### Task
Each line from the first line of the entries through the line holding "Renaud Tourne Rouge Sang Men Tee Shirts" is to be restated word for word; nothing else, and no picture, belongs in the answer.

[Saved data entries]
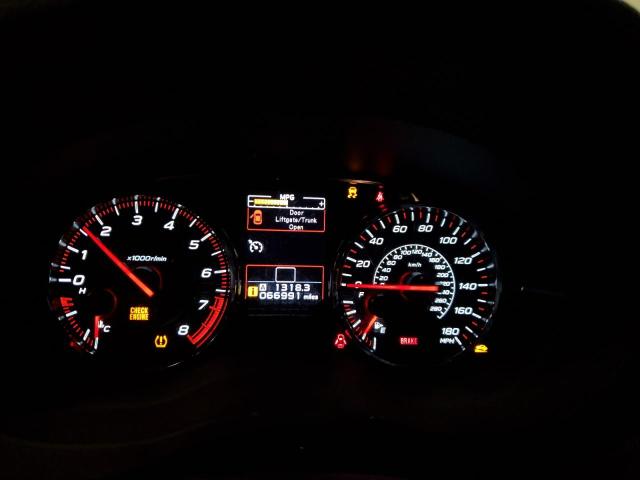 2018 SUBARU WRX PREMIU #3271750668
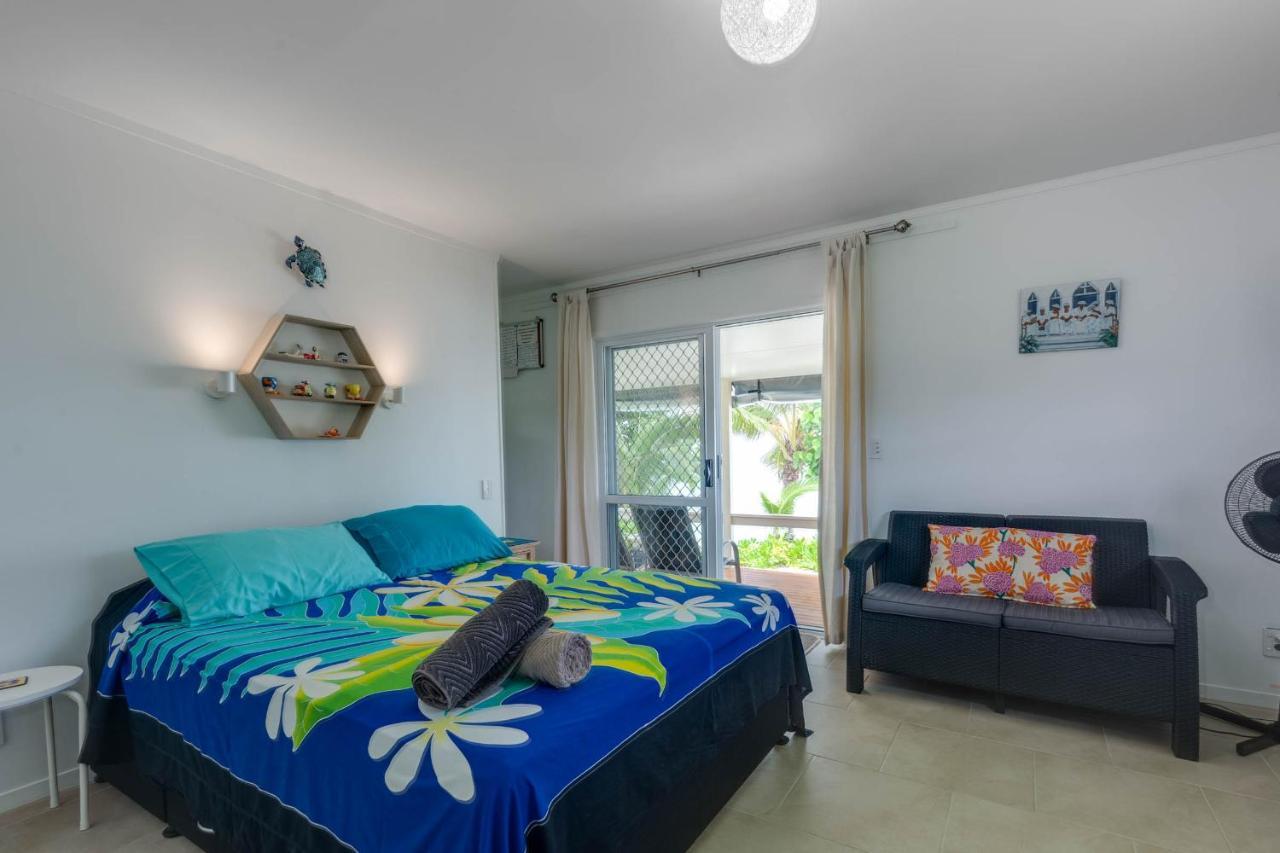 Ann'S Island Beach Studio Rarotonga Dış mekan fotoğraf
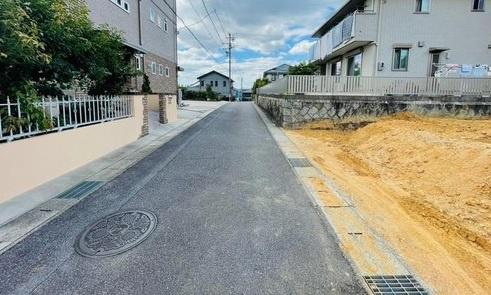 豊田市明和町全3棟1号棟　新築戸建て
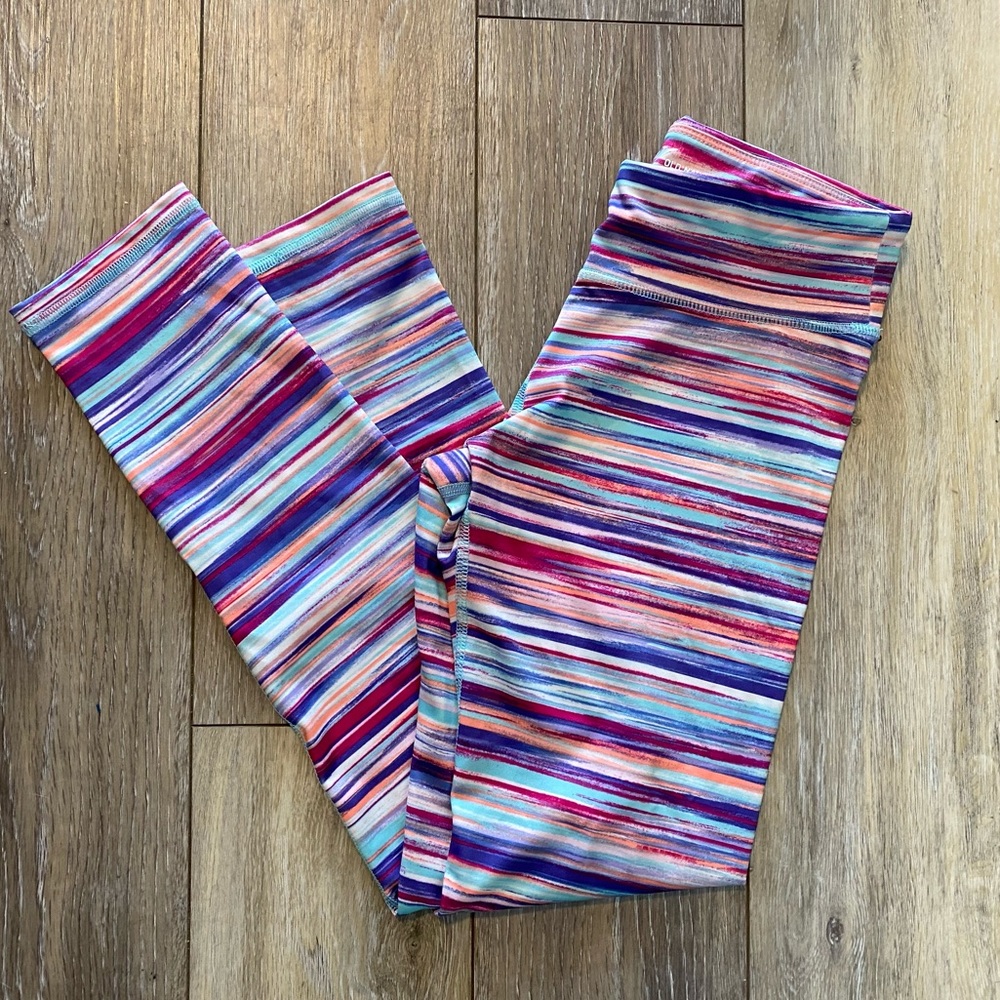 Girls Old Navy Active Leggings (10-12)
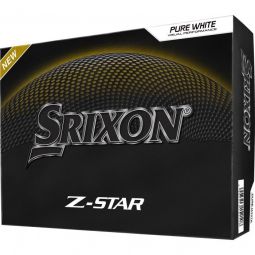 Srixon Z-STAR 9 Golf Balls 2025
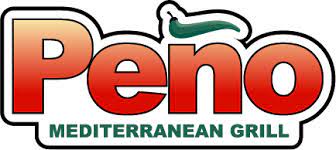 Peno Mediterranean Grill logo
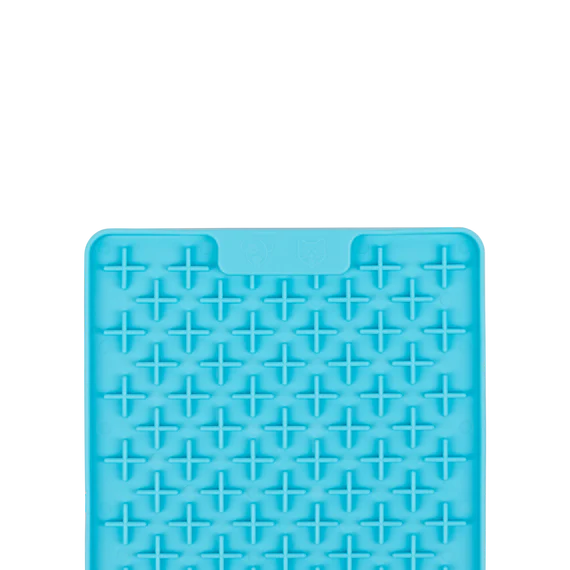 LickiMat Mini Buddy Cat Wet / Raw Food Treats Feeding Mat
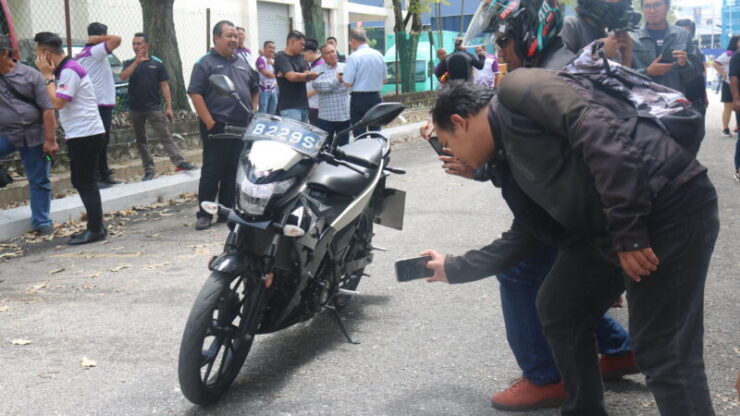 Supermoped AFAZ 150 cc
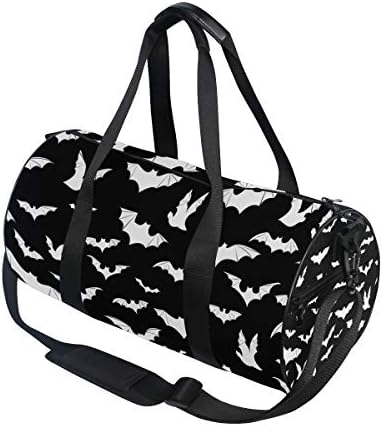 goth duffle bag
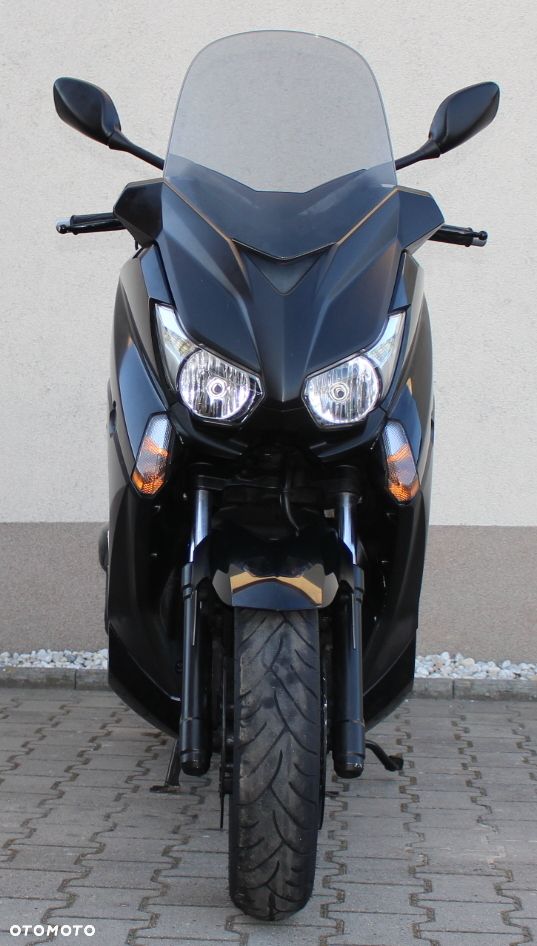 Yamaha X-max - 3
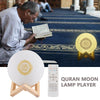 Moon Lamp with Blue Tooth Quran Speaker - Royal Moon Lamp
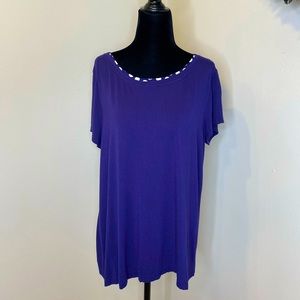 NWOT Rose+Olive Shirt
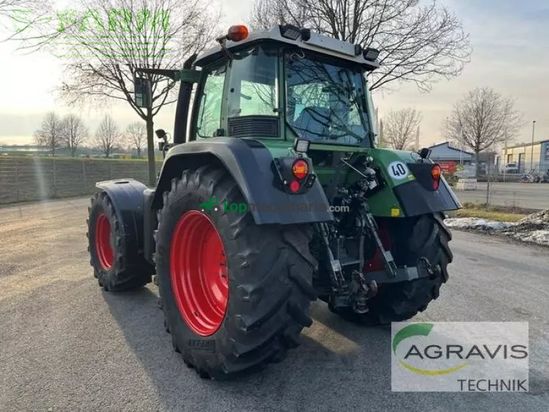 Tractor agrícola - Fendt - 714 vario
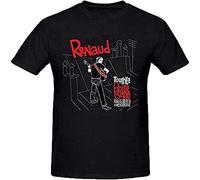 Renaud Tourne Rouge Sang Men Tee Shirts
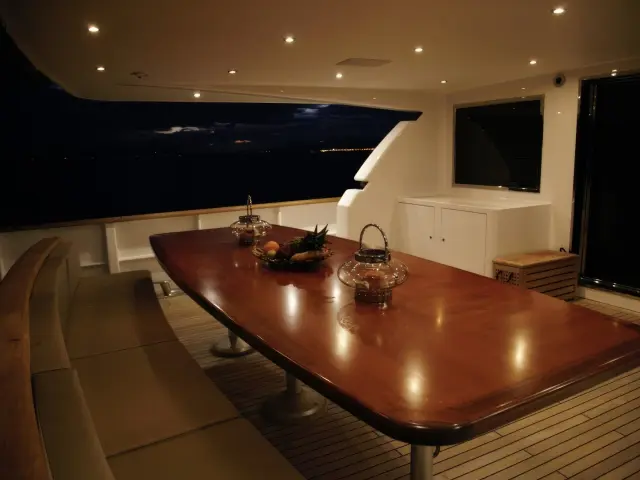 Yacht Project Steel photo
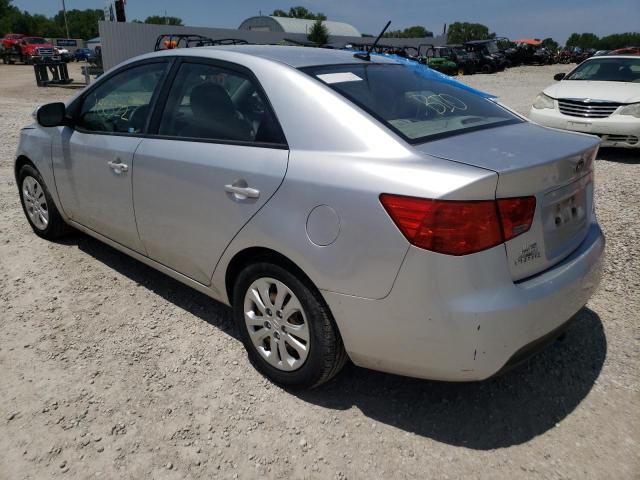 Photo 3 from auction – 2010 KIA FORTE EX with VIN KNAFU4A22A5052706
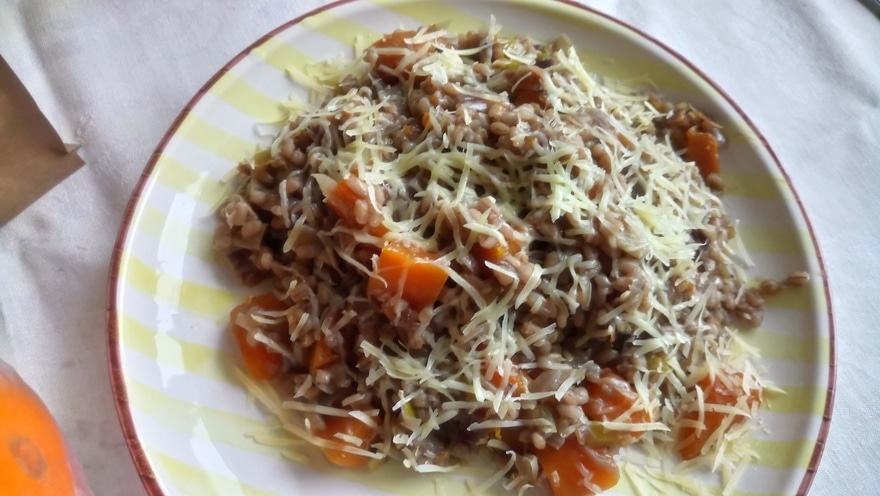 Фотография блюда пользователя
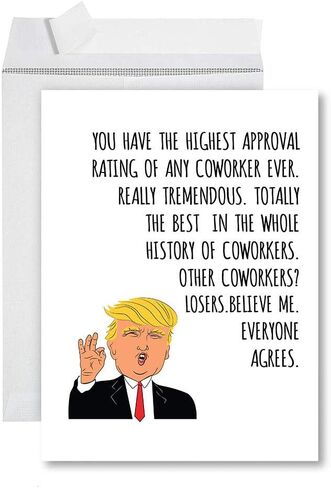 Andaz Press Funny Jumbo Retirement Card With Envelope 8.5 x 11 inch, Clearly You Were Only Thinking Of Yourself, 1-Pack, Includes Envelope Goodbye Cards For Coworker Coworker Leaving Card in Kuwait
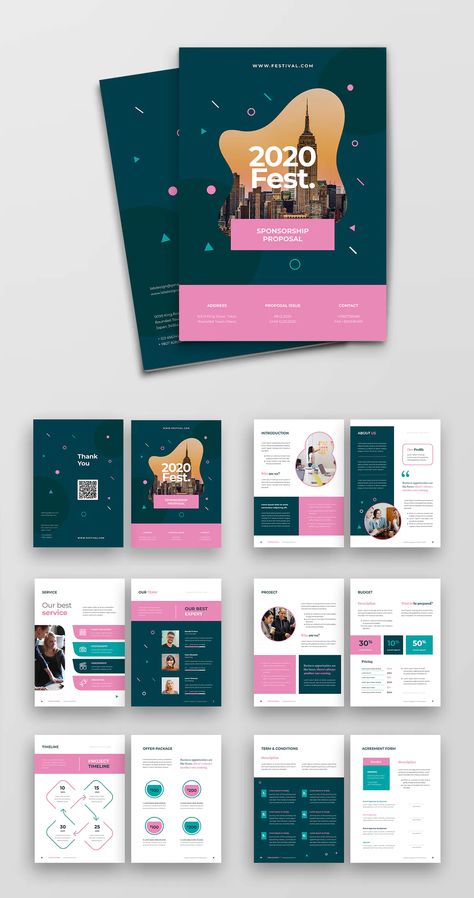 Sponsorship Brochure Templates, Event Sponsorship Proposal Templates, Sponsorship Packet Design, Event Sponsorship Ideas, Booklet Template Design, Sponsorship Brochure Design, Sponsorship Package Design Layout, Event Booklet Design, Sponsorship Proposal Design Layout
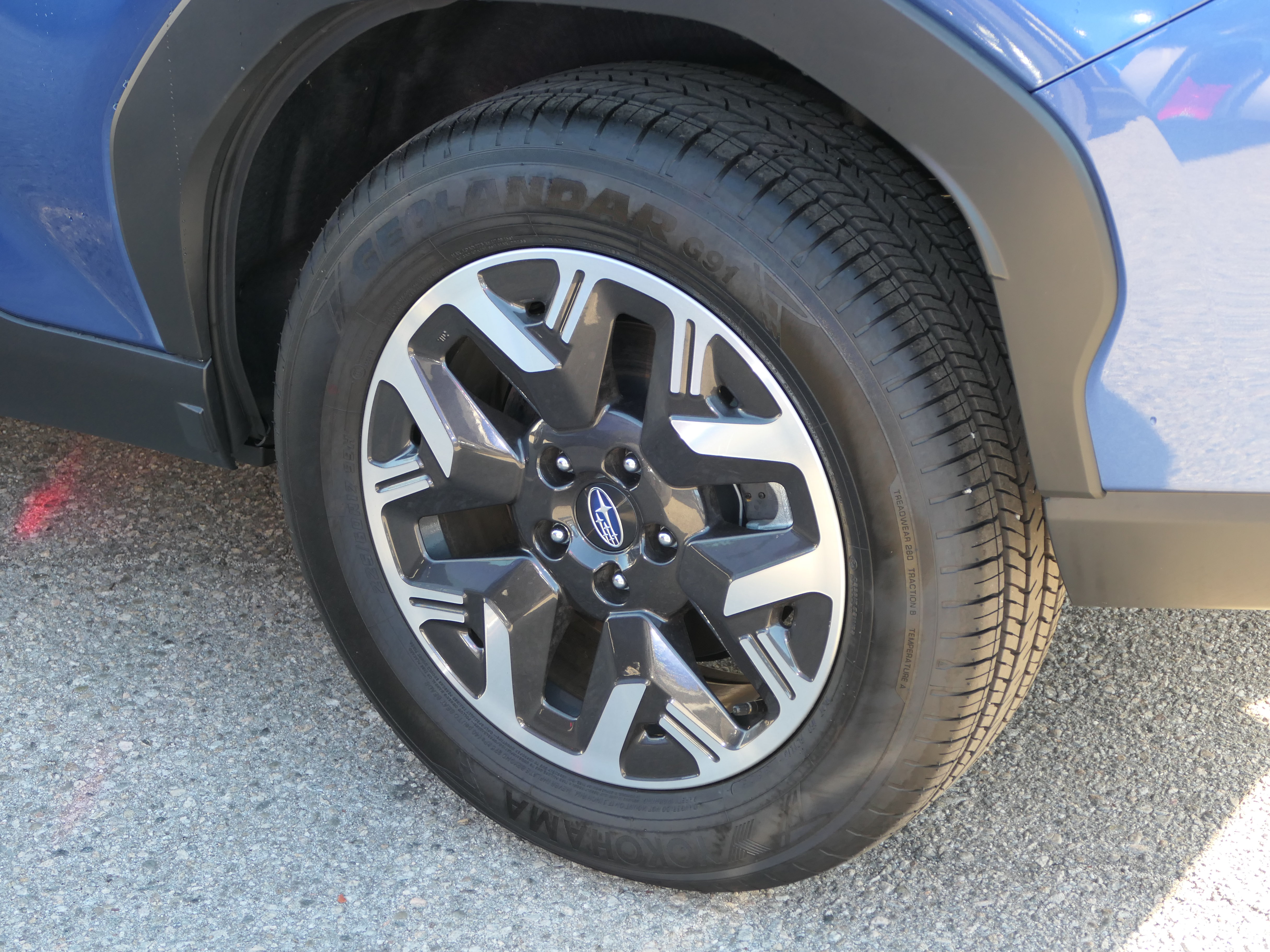 Certified 2026 Subaru Forester Premium AWD/4WD image 9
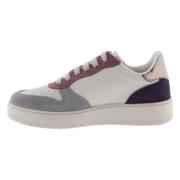 Victoria Madrid Läder Sneakers Multicolor, Dam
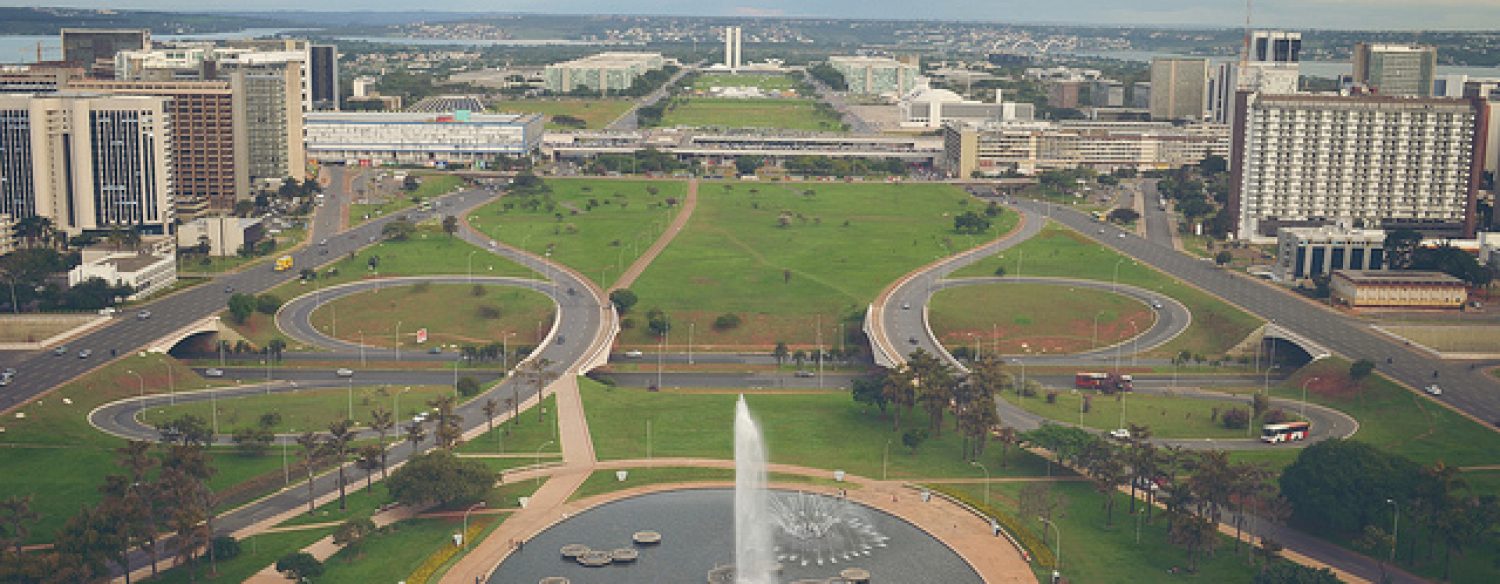 Brasilia, capitale utopique construite en 1000 jours
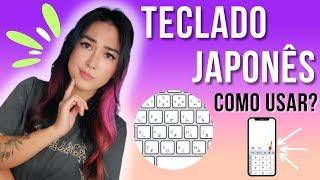 COMO É O TECLADO JAPONÊS? É DIFÍCIL USAR? | Déborah Hudz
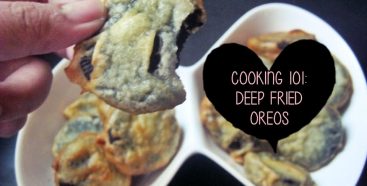 Deep-Fried Oreos | Easy Dessert Ideas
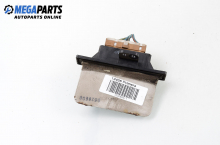 Blower motor resistor for Nissan Primera (P11) 1.8 16V, 114 hp, station wagon, 2000 Blower motor resistor for Nissan Primera (P11) 1.8 16V, 114 hp, station wagon, 2000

### Task response
 2018 SUBARU WRX PREMIU #3271750668
 Ann'S Island Beach Studio Rarotonga Dış mekan fotoğraf
 豊田市明和町全3棟1号棟　新築戸建て
 Girls Old Navy Active Leggings (10-12)
 Srixon Z-STAR 9 Golf Balls 2025
 Peno Mediterranean Grill logo
 LickiMat Mini Buddy Cat Wet / Raw Food Treats Feeding Mat
 Supermoped AFAZ 150 cc
 goth duffle bag
 Yamaha X-max - 3
 Moon Lamp with Blue Tooth Quran Speaker - Royal Moon Lamp
 NWOT Rose+Olive Shirt
 Tractor agrícola - Fendt - 714 vario
 Renaud Tourne Rouge Sang Men Tee Shirts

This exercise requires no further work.